Nissa of Shadowed Boughs may be among the strongest planeswalkers after Standard’s rotation. Ari Lax explores the Zendikar Rising preview’s potential.

Nissa of Shadowed Boughs, illustrated by Yongjae Choi

Last week, I described Nahiri, Heir of the Ancients as a role-player.

Nissa of Shadowed Boughs isn’t a role-player. It’s just a good card, and one that I expect to show up across Golgari decks for the next two years of Standard.

Nissa of Shadowed Boughs

What Does Nissa Do?

Nissa’s +1 ability, unlike that of Nissa, Who Shakes the World, is not the reason to play the card. This is not an additive body generating ability. You only ever have one land battling a turn from Nissa, so that mode is the same as casting a four-mana, three-power, evasive creature that can’t block. As you can see from the pictured Akoum Firebird that basically no one remembers, this is not quite Constructed-level.

Akoum Firebird

I’ve seen comments to the effect of “oh, Nissa pressures other planeswalkers well,” but that’s operating off an old paradigm of War of the Spark. Nissa would be great at battling down Teferi, Time Raveler or Narset, Parter of Veils, but that’s not what planeswalkers look like in Zendikar Rising Standard.

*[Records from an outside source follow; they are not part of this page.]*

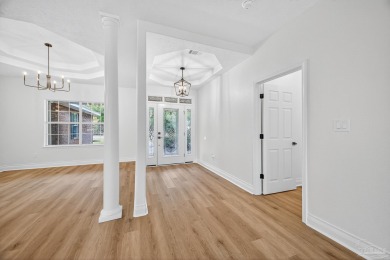 This completely remodeled 3-bedroom, 2-bath home is a rare find on Tanglewood Golf Club in Florida - for sale on GolfHomes.com, golf home, golf lot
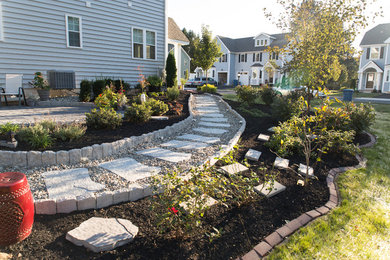 Example of a small zen backyard concrete paver patio design in Philadelphia with no cover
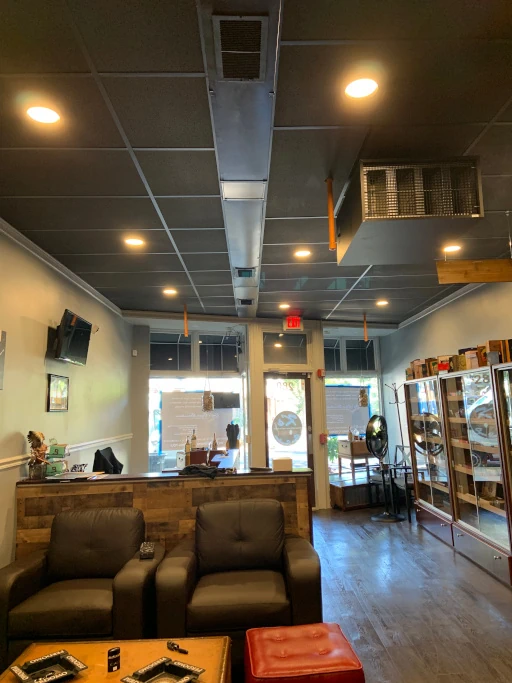 Hardwood floors, comfortable seating, and recessed lighting.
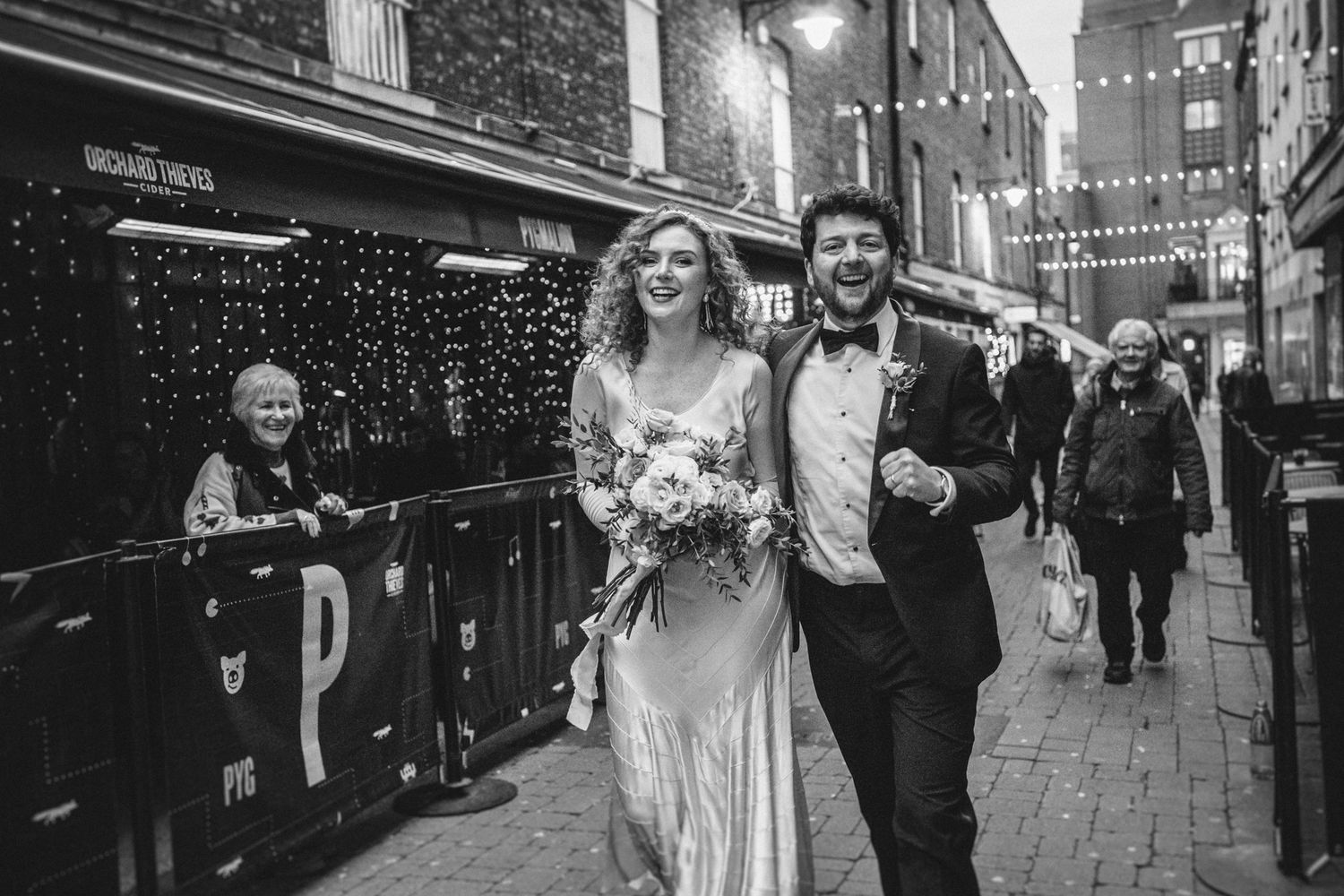 A couple joyfully walking down a string-lit street during an urban celebration.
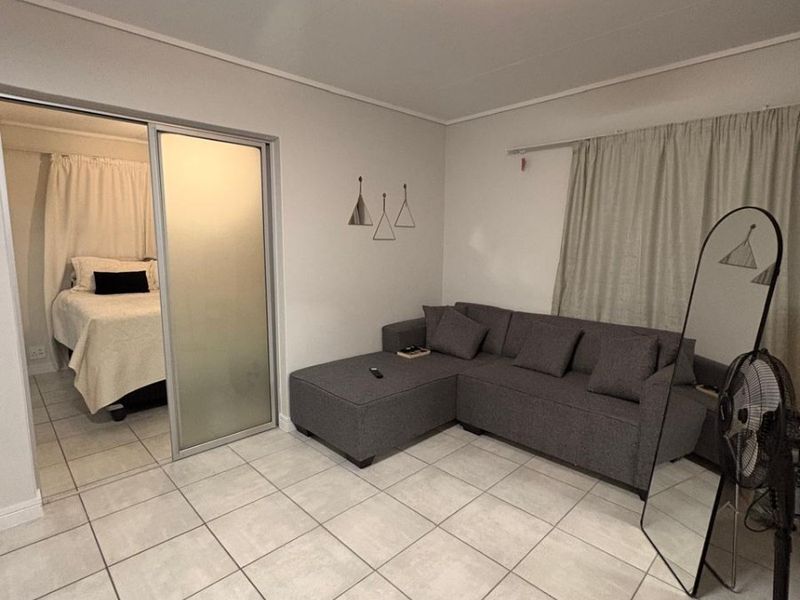 Open plan living area featuring neutral tiled flooring and a sliding glass door leading to an adjacent bedroom space.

There are a lot more planeswalkers like Ashiok, Nightmare Muse or Vivien, Monsters’ Advocate that plus for bodies large enough to double block a 3/3 until Nissa runs out of lands; aggressive planeswalkers like Basri Ket; Garruk, Unleashed; or The Royal Scions where you need to beat them first by handling their creatures; or even Chandra, Heart of Fire or Teferi, Master of Time, where even if they don’t defend themselves they are fine damage-sponging and flipping through cards. A Nissa land is good to mop up Jace, Mirror Mage, but you need to rethink handling planeswalkers this year.

Koth of the Hammer

Just because the attacking part of Nissa isn’t good enough by itself to make her playable doesn’t mean it doesn’t matter. You want your Nissa deck to be able to utilize the bonus damage to close games. The card does tell you to play creatures, so this isn’t the biggest ask, but ideally your Nissa deck wishes it could play Putrid Leech or Tarmogoyf.

Arbor Elf

Nissa’s +1 ability does untap a land, and honestly that might be better than attacking with it. Lava Spike. Lotus Petal. One of these is a bit better than the other. Keep an eye out for the natural curve of Nissa into a good six-drop, like one of the planeswalkers I didn’t mention: Garruk, Cursed Huntsman. That card is extremely powerful and no longer facing down Hydroid Krasis and Aether Gust.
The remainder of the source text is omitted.